Sometimes the content managers stake a claim for KM, and in these cases, KM becomes a matter of documentation, of taxonomies, of search engines, and loses sight of the tacit knowledge, of communities of practice, of peer assist and AAR.
Sometimes, it seems, KM people stake a claim for content managment. Mary quotes Morgan Wilson, a law librarian, as describing the outcome
"KM ends up cannibalizing the library, creating a two tiered system in which the library is definitely subordinate. The library remains responsible for reference, document delivery and training; time intensive activities which KM doesn’t want to be burdened with. Cataloging remains with the library by default, but it is not appreciated or understood by the KM masters and is marginalized. KM takes on several higher status activities which the librarians used to be responsible for: liaising and outreach with the users in the practice groups, developing the research section of the intranet, working on new ICT projects and managing the library staff. Because KM is taking on additional work, it needs more people. The trouble is that KM professionals are lawyers and are not cheap. To balance the books, the library is shrunk."
The turf-war zone is shown in the venn diagram above, and is defined by two observations
1. Not all knowledge is recorded. I have described recorded knowledge as "explicit knowledge" above, to follow common practice, although this is not the sense in which the term was orginally used.
2. Not all documents and content are explicit knowledge. In fact, very little content is explicit knowledge. Much of it is information, which informs you of things, but doesnt give you know-how, or the ability to make correct decisions, or take correct action (see my post on data/information/knowledge) The explicit knowledge is the advice, the tips and hints, the how-tos, the guidelines and checklists, the procedures and manuals, the training and e-learning material.

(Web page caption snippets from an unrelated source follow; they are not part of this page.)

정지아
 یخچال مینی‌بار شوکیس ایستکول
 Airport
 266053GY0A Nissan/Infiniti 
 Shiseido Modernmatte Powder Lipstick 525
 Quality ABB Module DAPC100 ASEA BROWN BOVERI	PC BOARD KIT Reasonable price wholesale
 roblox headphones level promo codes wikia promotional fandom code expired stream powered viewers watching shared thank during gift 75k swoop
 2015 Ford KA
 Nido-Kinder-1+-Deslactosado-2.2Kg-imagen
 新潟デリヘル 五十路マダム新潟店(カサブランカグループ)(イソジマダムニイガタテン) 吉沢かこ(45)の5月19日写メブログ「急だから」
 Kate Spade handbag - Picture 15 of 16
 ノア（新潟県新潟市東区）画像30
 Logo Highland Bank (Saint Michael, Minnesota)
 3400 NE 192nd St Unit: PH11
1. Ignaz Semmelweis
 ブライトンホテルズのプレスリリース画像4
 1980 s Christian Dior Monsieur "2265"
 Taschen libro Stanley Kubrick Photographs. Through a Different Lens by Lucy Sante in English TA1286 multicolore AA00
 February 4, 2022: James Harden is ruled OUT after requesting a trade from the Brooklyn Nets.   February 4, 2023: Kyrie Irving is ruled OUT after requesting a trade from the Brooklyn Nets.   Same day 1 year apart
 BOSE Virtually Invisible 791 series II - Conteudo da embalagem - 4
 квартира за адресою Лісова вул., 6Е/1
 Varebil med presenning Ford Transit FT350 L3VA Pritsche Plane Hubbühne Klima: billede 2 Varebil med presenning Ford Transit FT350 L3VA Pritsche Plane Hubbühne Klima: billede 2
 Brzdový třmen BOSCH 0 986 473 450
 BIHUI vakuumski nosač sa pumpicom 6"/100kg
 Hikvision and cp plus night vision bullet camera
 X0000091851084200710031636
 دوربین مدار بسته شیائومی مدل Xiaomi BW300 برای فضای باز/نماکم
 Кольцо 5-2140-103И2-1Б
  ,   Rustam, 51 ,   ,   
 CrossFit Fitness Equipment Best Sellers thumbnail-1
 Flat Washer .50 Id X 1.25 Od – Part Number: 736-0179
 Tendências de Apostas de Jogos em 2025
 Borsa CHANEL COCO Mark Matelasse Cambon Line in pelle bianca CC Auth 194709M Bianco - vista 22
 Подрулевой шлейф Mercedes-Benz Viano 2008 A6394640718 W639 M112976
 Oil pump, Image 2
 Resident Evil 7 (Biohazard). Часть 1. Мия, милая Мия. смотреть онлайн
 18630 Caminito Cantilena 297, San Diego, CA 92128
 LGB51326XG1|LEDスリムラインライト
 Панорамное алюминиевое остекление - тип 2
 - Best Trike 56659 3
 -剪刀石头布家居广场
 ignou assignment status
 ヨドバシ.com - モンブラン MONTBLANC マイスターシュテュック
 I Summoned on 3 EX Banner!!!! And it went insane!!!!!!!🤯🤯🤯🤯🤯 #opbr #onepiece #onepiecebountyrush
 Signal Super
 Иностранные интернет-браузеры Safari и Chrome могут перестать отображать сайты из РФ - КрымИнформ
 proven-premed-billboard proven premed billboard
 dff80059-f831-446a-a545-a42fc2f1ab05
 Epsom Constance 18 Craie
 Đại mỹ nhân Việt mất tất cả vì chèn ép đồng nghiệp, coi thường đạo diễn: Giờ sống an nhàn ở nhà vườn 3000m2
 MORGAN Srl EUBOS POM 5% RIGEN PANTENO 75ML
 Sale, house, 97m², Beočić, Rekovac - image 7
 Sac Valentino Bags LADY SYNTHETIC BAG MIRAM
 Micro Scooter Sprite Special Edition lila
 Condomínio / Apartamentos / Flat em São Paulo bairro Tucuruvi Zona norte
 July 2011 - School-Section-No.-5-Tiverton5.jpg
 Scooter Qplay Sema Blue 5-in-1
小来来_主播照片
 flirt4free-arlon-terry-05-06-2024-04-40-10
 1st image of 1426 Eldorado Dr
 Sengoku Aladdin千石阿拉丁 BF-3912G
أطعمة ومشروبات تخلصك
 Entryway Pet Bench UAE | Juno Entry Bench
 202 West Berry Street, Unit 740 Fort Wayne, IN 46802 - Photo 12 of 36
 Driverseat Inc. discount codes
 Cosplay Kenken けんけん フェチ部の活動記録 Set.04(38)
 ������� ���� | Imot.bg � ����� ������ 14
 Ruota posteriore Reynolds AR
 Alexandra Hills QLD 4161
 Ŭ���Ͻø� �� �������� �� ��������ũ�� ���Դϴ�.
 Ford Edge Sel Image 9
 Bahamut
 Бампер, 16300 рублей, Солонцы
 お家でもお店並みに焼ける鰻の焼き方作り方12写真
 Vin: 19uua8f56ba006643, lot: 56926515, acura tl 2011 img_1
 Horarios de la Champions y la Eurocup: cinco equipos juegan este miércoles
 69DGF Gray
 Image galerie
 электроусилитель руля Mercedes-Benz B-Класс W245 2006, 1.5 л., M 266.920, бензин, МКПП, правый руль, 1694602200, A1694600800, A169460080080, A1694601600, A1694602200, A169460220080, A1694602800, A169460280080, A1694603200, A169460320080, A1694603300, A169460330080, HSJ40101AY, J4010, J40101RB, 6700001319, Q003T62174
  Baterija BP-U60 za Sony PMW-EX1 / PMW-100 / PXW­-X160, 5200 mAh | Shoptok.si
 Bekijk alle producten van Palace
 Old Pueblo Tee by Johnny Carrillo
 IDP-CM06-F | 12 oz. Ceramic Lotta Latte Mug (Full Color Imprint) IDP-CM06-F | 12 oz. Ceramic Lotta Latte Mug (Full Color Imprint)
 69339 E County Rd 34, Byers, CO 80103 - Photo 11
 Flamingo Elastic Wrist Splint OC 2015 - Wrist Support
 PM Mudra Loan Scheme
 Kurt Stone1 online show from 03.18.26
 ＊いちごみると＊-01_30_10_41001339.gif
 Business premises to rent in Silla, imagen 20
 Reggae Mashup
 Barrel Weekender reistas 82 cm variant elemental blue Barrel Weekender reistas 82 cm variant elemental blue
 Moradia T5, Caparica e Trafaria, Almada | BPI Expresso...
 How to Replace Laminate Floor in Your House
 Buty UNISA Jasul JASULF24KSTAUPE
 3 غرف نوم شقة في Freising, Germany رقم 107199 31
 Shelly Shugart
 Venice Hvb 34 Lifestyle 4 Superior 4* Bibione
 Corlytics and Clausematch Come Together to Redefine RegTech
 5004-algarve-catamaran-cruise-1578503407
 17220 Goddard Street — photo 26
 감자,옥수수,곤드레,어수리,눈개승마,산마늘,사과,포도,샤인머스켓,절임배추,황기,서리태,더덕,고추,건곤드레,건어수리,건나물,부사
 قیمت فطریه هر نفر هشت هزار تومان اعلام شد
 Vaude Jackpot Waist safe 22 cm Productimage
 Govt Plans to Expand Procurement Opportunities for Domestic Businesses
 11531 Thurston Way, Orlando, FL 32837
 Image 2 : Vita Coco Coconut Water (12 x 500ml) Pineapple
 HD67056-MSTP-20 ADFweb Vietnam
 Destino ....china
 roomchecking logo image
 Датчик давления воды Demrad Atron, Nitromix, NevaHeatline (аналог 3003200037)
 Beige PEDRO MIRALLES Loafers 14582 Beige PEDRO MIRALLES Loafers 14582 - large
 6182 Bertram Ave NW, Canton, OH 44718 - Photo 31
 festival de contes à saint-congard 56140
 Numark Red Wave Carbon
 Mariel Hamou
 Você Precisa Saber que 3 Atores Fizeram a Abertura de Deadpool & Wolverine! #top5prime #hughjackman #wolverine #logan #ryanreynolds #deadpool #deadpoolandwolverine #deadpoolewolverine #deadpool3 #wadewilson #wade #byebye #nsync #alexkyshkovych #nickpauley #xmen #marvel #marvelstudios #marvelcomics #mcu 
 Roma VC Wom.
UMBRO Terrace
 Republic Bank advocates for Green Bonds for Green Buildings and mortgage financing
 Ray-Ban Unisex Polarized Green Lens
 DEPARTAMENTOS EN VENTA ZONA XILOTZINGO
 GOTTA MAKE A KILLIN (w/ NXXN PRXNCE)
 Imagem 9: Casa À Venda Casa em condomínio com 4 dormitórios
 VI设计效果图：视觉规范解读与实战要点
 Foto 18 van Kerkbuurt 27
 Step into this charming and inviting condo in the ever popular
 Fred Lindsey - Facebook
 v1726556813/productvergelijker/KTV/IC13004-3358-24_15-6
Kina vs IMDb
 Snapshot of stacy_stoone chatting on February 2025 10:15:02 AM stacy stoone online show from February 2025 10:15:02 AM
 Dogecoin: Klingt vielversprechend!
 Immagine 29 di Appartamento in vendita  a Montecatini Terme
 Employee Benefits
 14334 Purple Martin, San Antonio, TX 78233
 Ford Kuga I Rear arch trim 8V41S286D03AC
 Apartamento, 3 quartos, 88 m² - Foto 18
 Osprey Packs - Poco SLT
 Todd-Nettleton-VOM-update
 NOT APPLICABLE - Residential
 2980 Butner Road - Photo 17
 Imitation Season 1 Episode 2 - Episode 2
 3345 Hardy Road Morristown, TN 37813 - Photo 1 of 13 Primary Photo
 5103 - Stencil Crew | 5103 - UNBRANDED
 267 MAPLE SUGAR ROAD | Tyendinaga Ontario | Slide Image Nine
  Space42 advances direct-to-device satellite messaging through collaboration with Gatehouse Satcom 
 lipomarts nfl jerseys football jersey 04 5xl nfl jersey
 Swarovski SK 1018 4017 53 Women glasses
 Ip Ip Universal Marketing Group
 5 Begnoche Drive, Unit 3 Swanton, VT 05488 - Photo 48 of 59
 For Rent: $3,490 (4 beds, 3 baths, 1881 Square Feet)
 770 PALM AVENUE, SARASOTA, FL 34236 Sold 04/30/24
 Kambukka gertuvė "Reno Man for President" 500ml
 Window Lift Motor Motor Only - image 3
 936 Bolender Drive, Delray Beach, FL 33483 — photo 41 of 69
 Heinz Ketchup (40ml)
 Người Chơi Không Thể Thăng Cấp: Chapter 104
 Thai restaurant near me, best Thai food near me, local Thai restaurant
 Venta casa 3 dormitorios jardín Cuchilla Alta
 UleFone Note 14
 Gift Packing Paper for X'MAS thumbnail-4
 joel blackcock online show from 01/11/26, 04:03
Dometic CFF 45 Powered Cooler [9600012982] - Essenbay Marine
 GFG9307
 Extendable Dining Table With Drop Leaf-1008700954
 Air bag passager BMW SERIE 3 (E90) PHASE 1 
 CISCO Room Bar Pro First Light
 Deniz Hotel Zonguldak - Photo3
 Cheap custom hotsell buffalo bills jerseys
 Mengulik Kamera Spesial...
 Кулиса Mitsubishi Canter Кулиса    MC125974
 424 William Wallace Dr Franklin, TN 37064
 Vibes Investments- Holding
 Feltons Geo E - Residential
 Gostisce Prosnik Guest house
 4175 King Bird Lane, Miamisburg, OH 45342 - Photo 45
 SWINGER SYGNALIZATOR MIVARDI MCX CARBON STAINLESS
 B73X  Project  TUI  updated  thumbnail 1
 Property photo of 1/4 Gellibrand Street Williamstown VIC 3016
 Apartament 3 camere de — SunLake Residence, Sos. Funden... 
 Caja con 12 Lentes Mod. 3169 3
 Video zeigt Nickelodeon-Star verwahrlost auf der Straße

So both the content managers/librarians and the KM people can legitimately stake a claim on the overlap area - those few documents or pieces of content which are both knowledge and content. And when they use this claim to expland their empires, then we get into trouble.
So how do we solve the issue? Simple - we work together. Either we sit in one team, which is what my South African colleague Ian Corbett did in De Beers (where the cyber-librarian was a key part of the KM team), or we have two teams but with a common framework and aligned strategies. We don't fight each other, as this puts both content management and KM equally at risk.